YOUR INSTRUCTIONS = Do not include the pictures; repeat the rest of the data exactly.

Short descriptive text snippets:
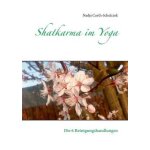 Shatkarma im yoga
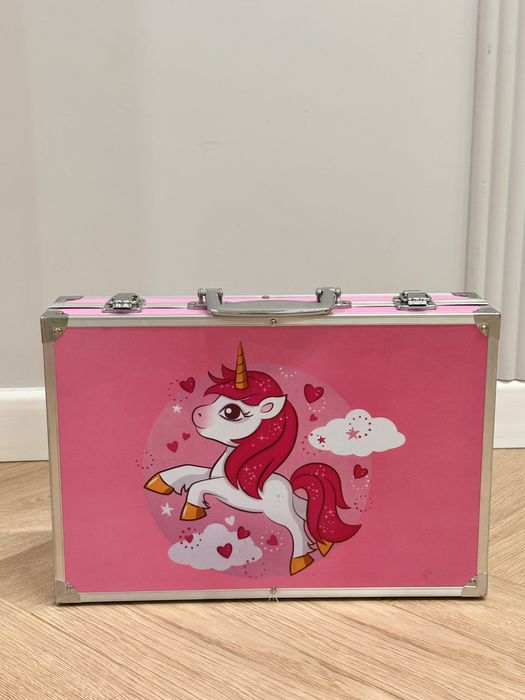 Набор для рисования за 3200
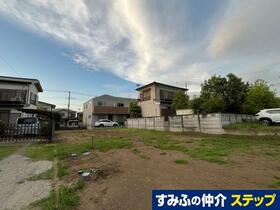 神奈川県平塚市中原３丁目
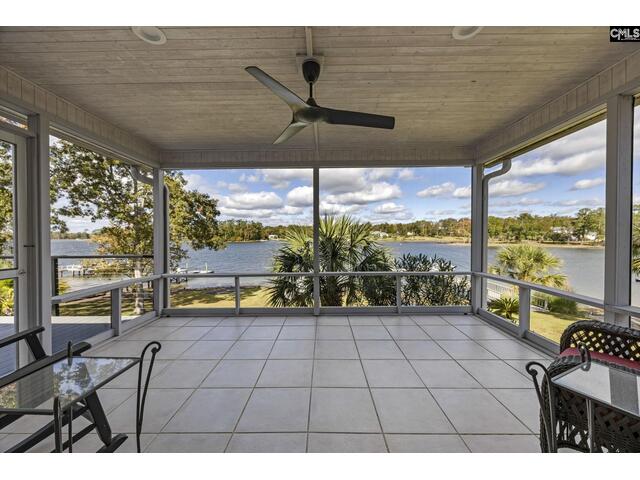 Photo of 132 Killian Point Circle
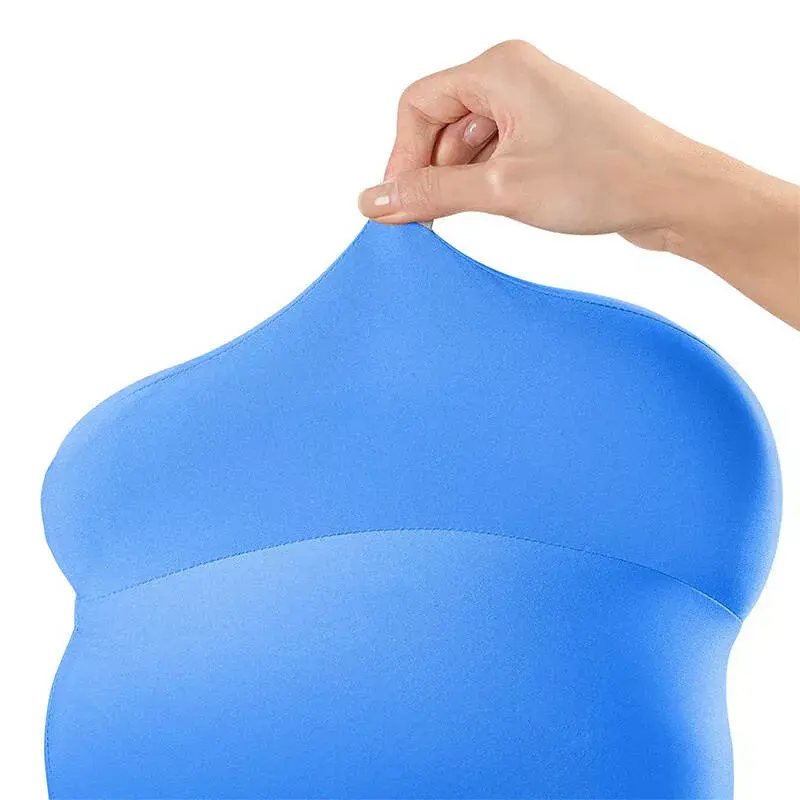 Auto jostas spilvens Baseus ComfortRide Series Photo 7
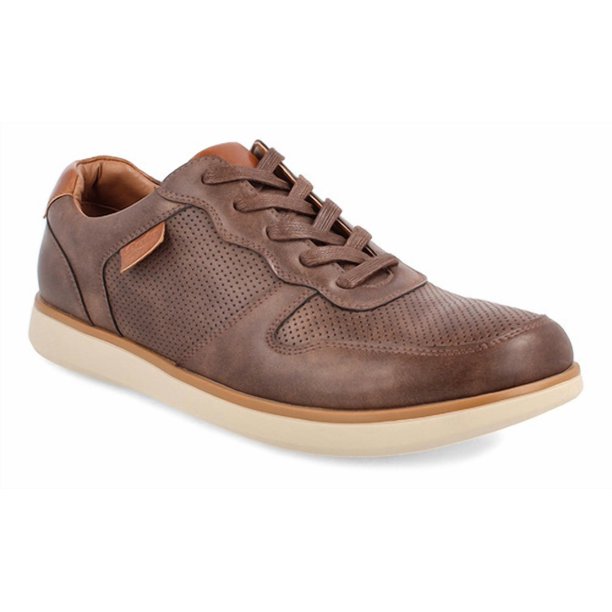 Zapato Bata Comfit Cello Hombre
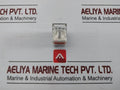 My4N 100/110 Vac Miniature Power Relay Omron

EXERCISE RESULT =
 Shatkarma im yoga
 Набор для рисования за 3200
 神奈川県平塚市中原３丁目
 Photo of 132 Killian Point Circle
 Auto jostas spilvens Baseus ComfortRide Series Photo 7
 Zapato Bata Comfit Cello Hombre
 My4N 100/110 Vac Miniature Power Relay Omron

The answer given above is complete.